● **Source material**:
•••••
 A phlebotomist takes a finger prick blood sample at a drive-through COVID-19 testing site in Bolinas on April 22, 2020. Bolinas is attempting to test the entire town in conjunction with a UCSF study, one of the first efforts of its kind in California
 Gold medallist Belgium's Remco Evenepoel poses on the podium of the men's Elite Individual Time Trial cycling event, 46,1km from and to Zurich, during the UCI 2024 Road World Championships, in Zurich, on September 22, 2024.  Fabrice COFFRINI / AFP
•••••
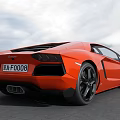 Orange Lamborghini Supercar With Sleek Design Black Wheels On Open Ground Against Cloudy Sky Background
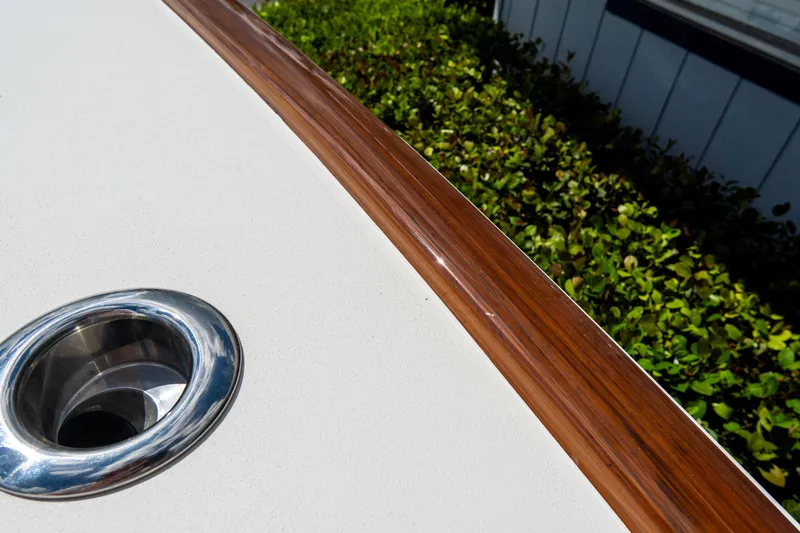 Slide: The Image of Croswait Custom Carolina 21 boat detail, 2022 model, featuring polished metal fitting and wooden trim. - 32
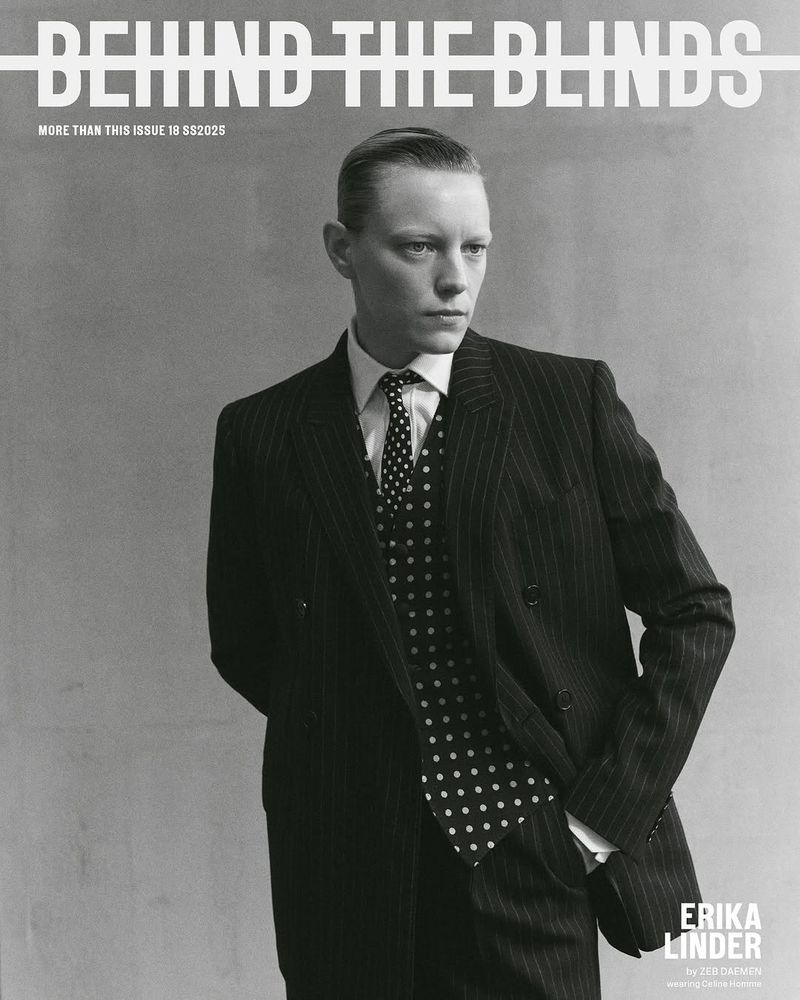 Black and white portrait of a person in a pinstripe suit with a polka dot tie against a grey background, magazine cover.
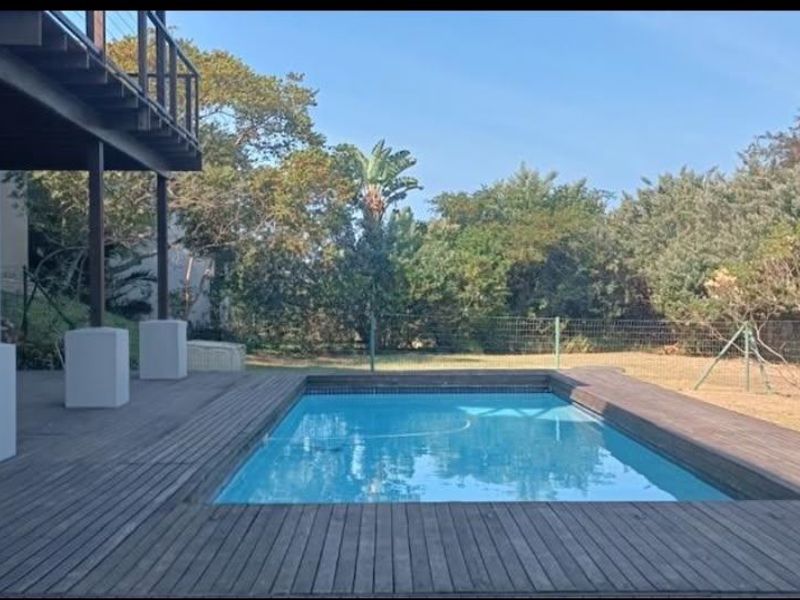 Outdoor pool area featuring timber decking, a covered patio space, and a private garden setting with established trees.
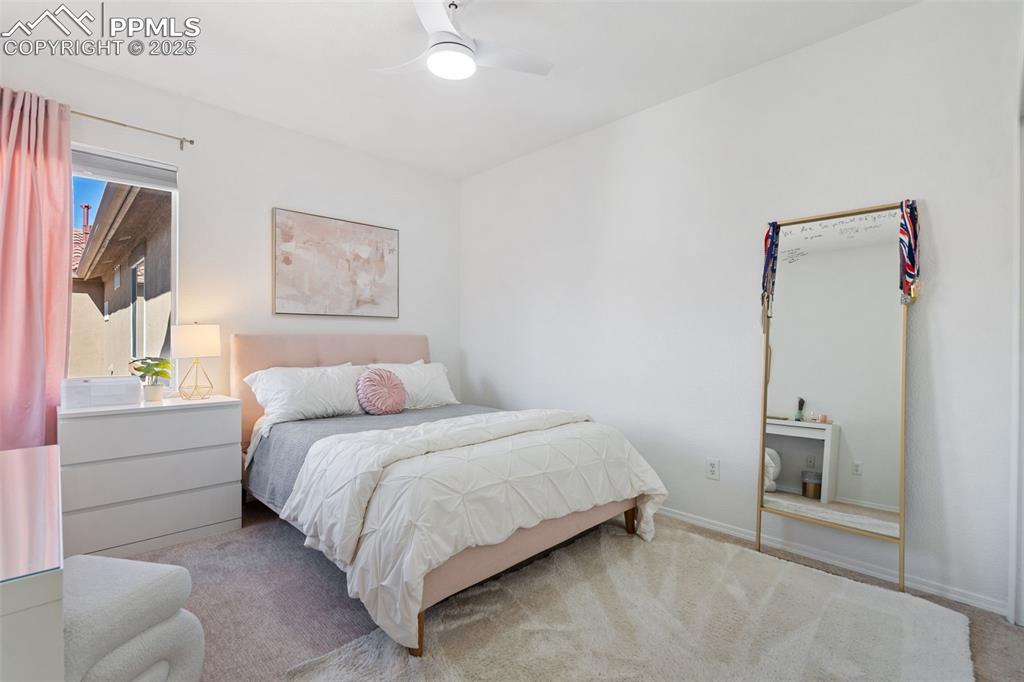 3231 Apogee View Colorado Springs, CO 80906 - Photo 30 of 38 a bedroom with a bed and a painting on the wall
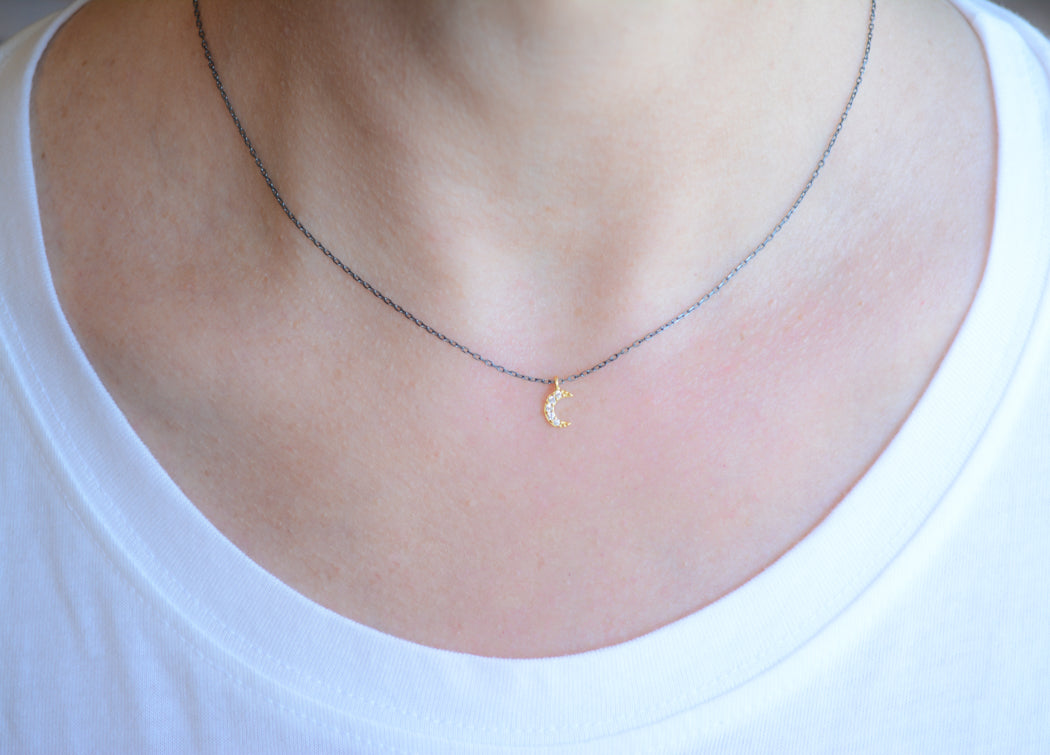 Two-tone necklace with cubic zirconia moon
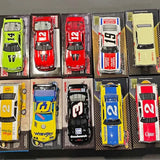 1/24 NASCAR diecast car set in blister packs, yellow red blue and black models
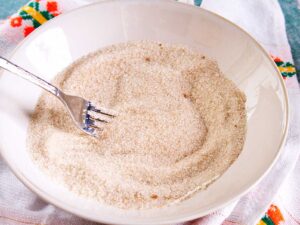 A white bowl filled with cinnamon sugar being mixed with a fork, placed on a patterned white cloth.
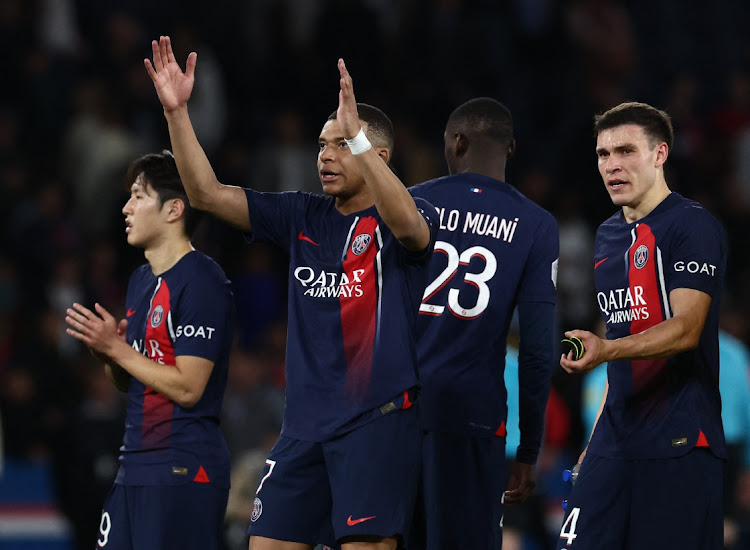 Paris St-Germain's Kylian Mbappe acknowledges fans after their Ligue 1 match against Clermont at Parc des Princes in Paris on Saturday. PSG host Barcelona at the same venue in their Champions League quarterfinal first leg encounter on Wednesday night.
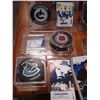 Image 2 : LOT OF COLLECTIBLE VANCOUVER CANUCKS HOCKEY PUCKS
•••••
● **What is needed**: Output exactly the lines above, from the line with "Outdoor pool area" to the line with "1/24 NASCAR diecast", both included; skip the pictures.

● **Written solution**:
 Outdoor pool area featuring timber decking, a covered patio space, and a private garden setting with established trees.
 3231 Apogee View Colorado Springs, CO 80906 - Photo 30 of 38 a bedroom with a bed and a painting on the wall
 Two-tone necklace with cubic zirconia moon
 1/24 NASCAR diecast car set in blister packs, yellow red blue and black models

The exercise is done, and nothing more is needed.